Namun demikian, baik prinsipal maupun kuasa hukum penggugat kembali tidak terlihat di ruang sidang. Menurut Dayat, ketidakhadiran tersebut telah terjadi sebanyak empat kali sejak perkara ini bergulir.
“Kami sudah menyampaikan kepada majelis hakim bahwa ini menunjukkan kurangnya keseriusan dari pihak penggugat. Ini sudah empat kali tidak hadir. Biasanya yang tidak hadir itu tergugat, tapi ini justru penggugat,” tegasnya.
Pihak tergugat menegaskan bahwa sejak awal hubungan hukum yang terjadi adalah pinjam-meminjam uang sebesar Rp1 miliar dengan jangka waktu 12 bulan, bukan jual beli aset sebagaimana yang didalilkan dalam gugatan.
Lebih lanjut, pihak tergugat menyatakan bahwa uang pinjaman yang disebut dalam gugatan tersebut tidak pernah diterima.

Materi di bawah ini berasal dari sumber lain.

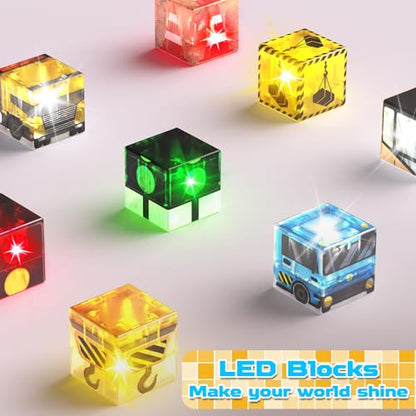 200PCS Light Up Magnetic Blocks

Karena itu, menurut mereka, dalil wanprestasi menjadi tidak relevan apabila objek pinjaman sendiri tidak pernah terealisasi.
Politisi perempuan yang juga anggota DPD RI, Lia Istifhama, yang merupakan anak dari tergugat, turut angkat bicara atas perkara yang menimpa ibunya.
“Bagaimana mungkin dikatakan wanprestasi, jika uang yang disebut sebagai pinjaman itu sendiri tidak pernah diterima? Jika gugatan benar, mengapa substansinya berubah-ubah dan penggugat berulang kali tidak hadir?” ujarnya.
Ning Lia juga merujuk pada putusan perkara sebelumnya yang telah berkekuatan hukum tetap, yang menurutnya menyatakan bahwa hubungan hukum para pihak adalah pinjam-meminjam uang, bukan jual beli aset.
Majelis hakim masih memberikan kesempatan kepada pihak penggugat untuk hadir pada sidang berikutnya. Persidangan pun ditunda hingga pekan depan.
Sidang lanjutan tersebut diperkirakan menjadi momentum penting untuk menguji keseriusan penggugat dalam melanjutkan proses hukum yang tengah berjalan. Apabila ketidakhadiran kembali terjadi, majelis hakim dapat mempertimbangkan langkah hukum sesuai ketentuan acara perdata.
Perkara ini menjadi perhatian publik karena menyangkut lembaga pendidikan berbasis pesantren yang memiliki nilai sosial dan historis di kawasan Jemursari, Surabaya.